In 2006, the Department of Physics began the Mark Gurevitch Memorial Lecture series as a tribute to Dr. Mark Gurevitch, former chair of the Physics Department.

Mark Gurevitch was born in 1916 in Russia to parents Ralph and Celia Gurevitch. Dr. Gurevitch attended the University of California at Berkeley where he completed his doctorate and joined the physics department at Portland State University in 1958. He held the position of department chair for 24 years.

Dr. Gurevitch accomplished many things in his time at Portland State University; he saw the physics department grow from a two year college to a graduate program, he was instrumental in hiring the first professor of biophysics, and in growing the biophysics group within the Physics Department. Dr. Gurevitch retired twice from Portland State University, once in the early 80’s, in order to save three other faculty members from budget cuts, and again in 1991, when department chair duties were turned over to Dr. Erik Bodegom.
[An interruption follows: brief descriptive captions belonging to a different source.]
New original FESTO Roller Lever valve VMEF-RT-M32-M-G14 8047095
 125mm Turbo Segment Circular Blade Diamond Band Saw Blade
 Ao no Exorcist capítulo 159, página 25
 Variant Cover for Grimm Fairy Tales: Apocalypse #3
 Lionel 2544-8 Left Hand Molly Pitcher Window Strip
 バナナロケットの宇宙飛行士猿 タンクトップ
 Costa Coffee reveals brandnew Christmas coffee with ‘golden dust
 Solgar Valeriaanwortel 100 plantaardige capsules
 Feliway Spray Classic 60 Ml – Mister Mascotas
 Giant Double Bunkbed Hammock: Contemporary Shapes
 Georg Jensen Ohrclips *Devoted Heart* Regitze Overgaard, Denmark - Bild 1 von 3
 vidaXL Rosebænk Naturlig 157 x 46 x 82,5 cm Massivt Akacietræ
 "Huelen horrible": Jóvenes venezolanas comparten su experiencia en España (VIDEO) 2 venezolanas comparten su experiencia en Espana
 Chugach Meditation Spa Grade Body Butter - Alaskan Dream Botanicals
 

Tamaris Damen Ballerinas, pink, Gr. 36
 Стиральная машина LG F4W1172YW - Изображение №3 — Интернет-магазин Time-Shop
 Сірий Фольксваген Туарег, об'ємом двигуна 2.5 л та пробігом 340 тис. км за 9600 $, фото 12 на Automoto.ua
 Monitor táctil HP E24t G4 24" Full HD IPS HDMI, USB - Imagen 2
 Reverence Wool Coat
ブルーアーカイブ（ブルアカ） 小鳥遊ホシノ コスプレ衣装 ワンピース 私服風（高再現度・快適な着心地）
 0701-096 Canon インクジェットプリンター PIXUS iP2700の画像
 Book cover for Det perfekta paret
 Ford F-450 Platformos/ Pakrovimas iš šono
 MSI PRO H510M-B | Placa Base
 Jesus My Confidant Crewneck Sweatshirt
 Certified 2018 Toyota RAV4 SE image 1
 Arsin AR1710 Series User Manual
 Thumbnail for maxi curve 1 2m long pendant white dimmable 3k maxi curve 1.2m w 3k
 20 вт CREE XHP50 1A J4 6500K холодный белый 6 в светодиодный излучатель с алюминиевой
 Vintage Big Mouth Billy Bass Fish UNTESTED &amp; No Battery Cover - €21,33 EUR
The Portland State University Foundation Gurevitch Lecture Fund supports the annual lecture series and allows the Department of Physics to bring internationally recognized speakers to the Portland State University campus.

 Lectures

7th Annual Lecture
May 21, 2013

5:00 PM, SBA 190

Dr. Anton Zeiliger

Physics Department at University of Vienna

Quantum Experiments with Photons: From the Foundations towards a New Technology


In the talk I will start with a brief introductory review of some important fundamental concepts in the foundations of quantum physics like superposition, the measurement process, and entanglement. Then, focusing on photons,  I show how these have given rise to the field of quantum information. I will present recent experiments on long distance quantum teleportation, on other nonlocal phenomena, and on optical quantum computation.
6th Annual Lecture
June 1, 2012
5:15pm, SB1 107

Dr. Michael Berry 

Physics Department at Bristol University

The Maggot in the Apple: Peaceful Coexistence of Incompatible Theories

In physics, as in science generally, most phenomena can be understood in more than one way: the gas in an engine obeys the laws of thermodynamics and also those of the motion of its molecules. The different theories correspond to different levels of description. These must overlap, but understanding their consilience is far from straightforward because they are usually based on seemingly incompatible concepts. The discordance arises from the fact, unappreciated until recently, that the limit in which the more general theory reduces to the less general (usually older) theory is mathematically singular. One consequence is a range of phenomena, of intense current interest, inhabiting the borderlands between the theories. I will explore this theme with examples from the physics of fluids, light and the quantum world.
5th Annual Lecture
March 18 , 2010 
5pm Hoffman Hall

George E. Smith

Fellow of IEEE, APS, and member of the National Academy of Engineering. IEEE Electron Devices Society Distinguished Service Award, Stuart Ballentine Medal of the Franklin Institute (1973); Morris N. Liebmann Memorial Award of IEEE (1974); Progress Medal of the Photographic Society of America (1986); IEEE Device Research Conference Breakthrough Award (1999); Edwin H. Land Medal by the Society for Imaging Science and Technology (2001); and the C&C Prize (Computer and Communications) of the NEC Foundation, Tokyo (1999), Charles Stark Draper Prize (2006)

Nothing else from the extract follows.